[Start of section]

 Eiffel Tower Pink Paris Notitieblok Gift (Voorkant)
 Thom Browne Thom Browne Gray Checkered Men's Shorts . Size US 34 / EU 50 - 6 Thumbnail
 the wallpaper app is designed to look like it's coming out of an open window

[End of section]
[Start of section]

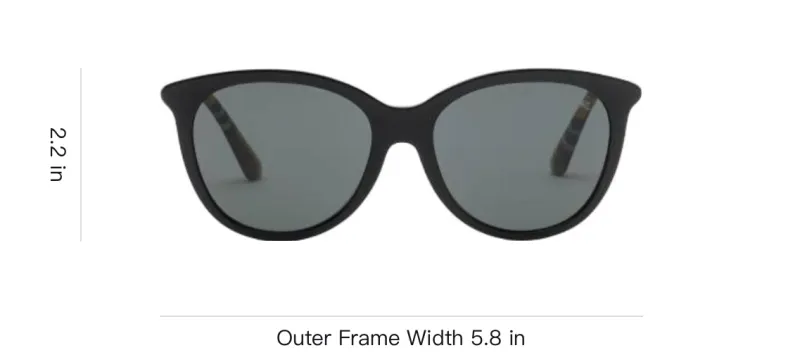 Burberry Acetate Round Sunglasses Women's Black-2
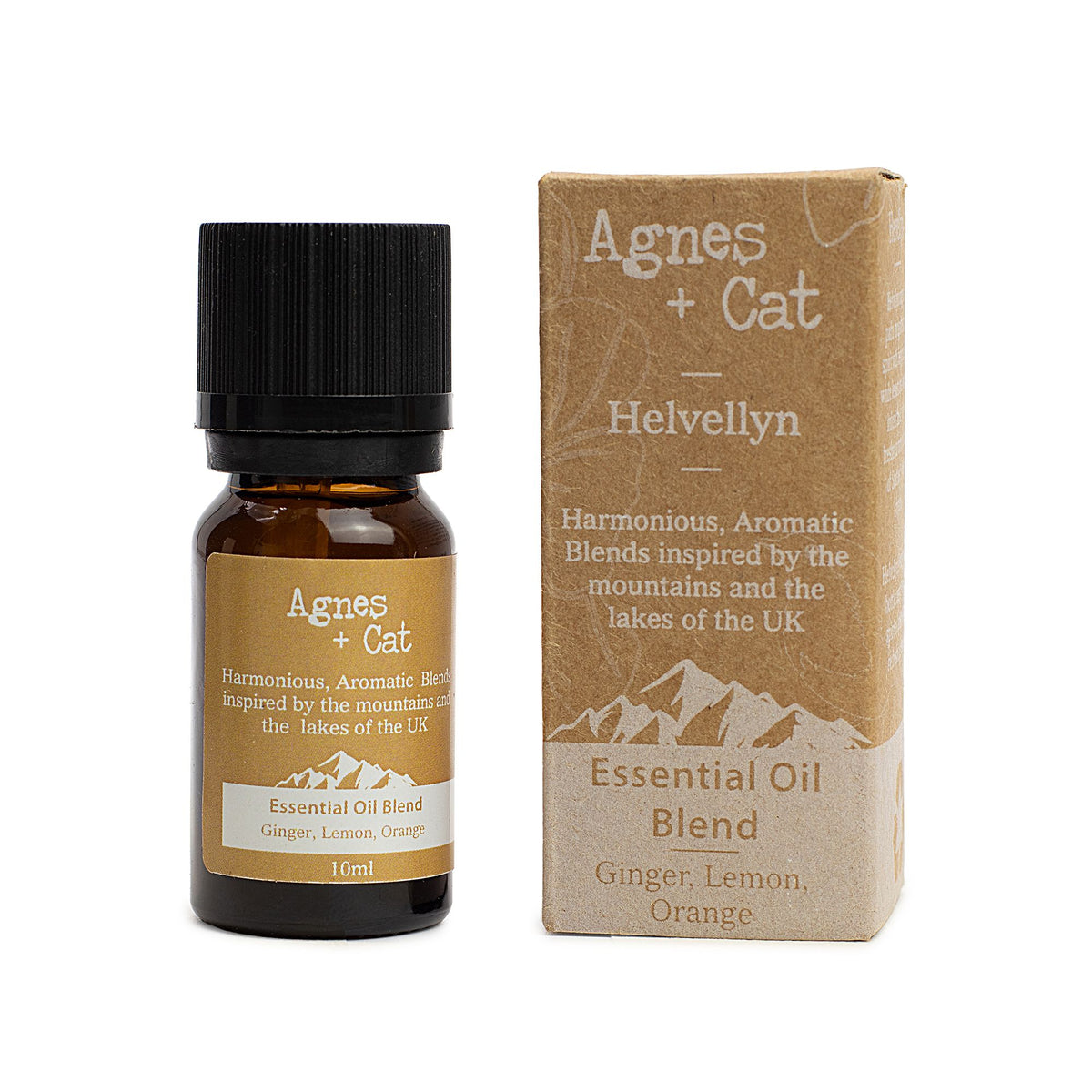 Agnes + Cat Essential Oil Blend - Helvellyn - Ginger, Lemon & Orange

[End of section]
[Start of section]

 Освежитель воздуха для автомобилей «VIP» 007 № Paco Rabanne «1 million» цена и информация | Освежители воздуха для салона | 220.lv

[End of section]

» **Goal of the exercise**
The required output is every line above from the one with "Thom Browne Thom" down to the one with "the wallpaper app", restated word for word, ends included.

» **Answer box**
 Thom Browne Thom Browne Gray Checkered Men's Shorts . Size US 34 / EU 50 - 6 Thumbnail
 the wallpaper app is designed to look like it's coming out of an open window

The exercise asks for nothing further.